Dataset excerpts
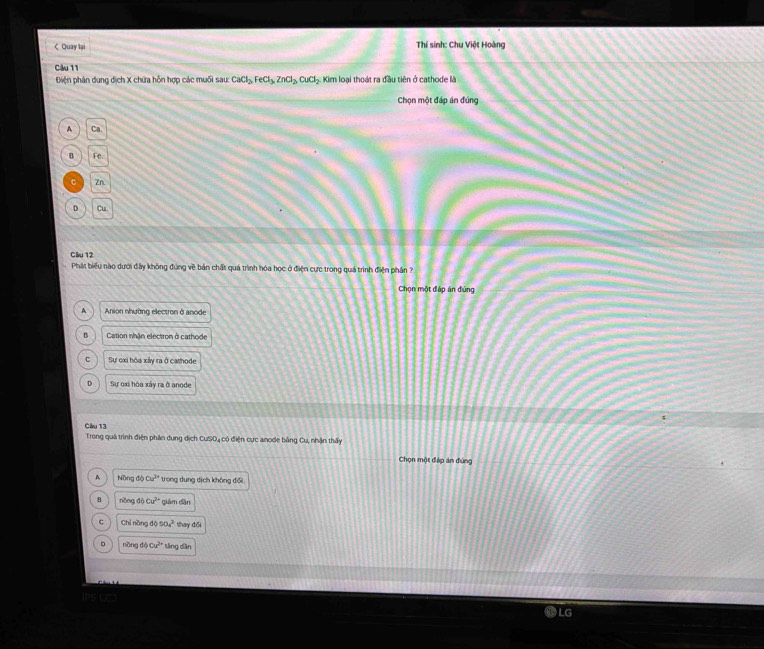 < Quay lại Thí sinh: Chu Việt Hoàng
Câu 11
Điện phân dung dịch X chứa hỗn hợp các muối  sauCaCl_2, FeCl_3, ZnCl_2, CuCl_2 : Kim loại thoát ra đầu tiên ở cathode là
Chọn một đáp án đúng
A CB
B FC
Zn
D Cu
Cầu 12
Phát biểu nào dưới đấy không đứng về bản chất quá trình hóa học ở điện cực trong quá trình điện phân ?
Chọn một đập án đùng
A Anion nhường electron ở anode
B Cation nhận electron ở cathode
C Sự oxi hóa xây ra ở cashode
D Sự oxi hóa xây ra ở anode
Cầu 13
Trong quả trình điện phân dung dịch CuSO, có điện cực anode bằng Cu, nhận thấy
Chọn một đáp án đùng
D NingdoCu^(2+) trong dung dịch không đổi
B n^2ongdoCu^(2+) giám dān
c CNnon 6050_4^((2-) thay đổi
D nbngdphi Cu^2+) tăng dân
LG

Problem to work on
Repeat exactly the lines from the line containing "B Cation nhận electron ở cathode" through the last line of the records above, including both, and nothing else.

Exercise solution
B Cation nhận electron ở cathode
C Sự oxi hóa xây ra ở cashode
D Sự oxi hóa xây ra ở anode
Cầu 13
Trong quả trình điện phân dung dịch CuSO, có điện cực anode bằng Cu, nhận thấy
Chọn một đáp án đùng
D NingdoCu^(2+) trong dung dịch không đổi
B n^2ongdoCu^(2+) giám dān
c CNnon 6050_4^((2-) thay đổi
D nbngdphi Cu^2+) tăng dân
LG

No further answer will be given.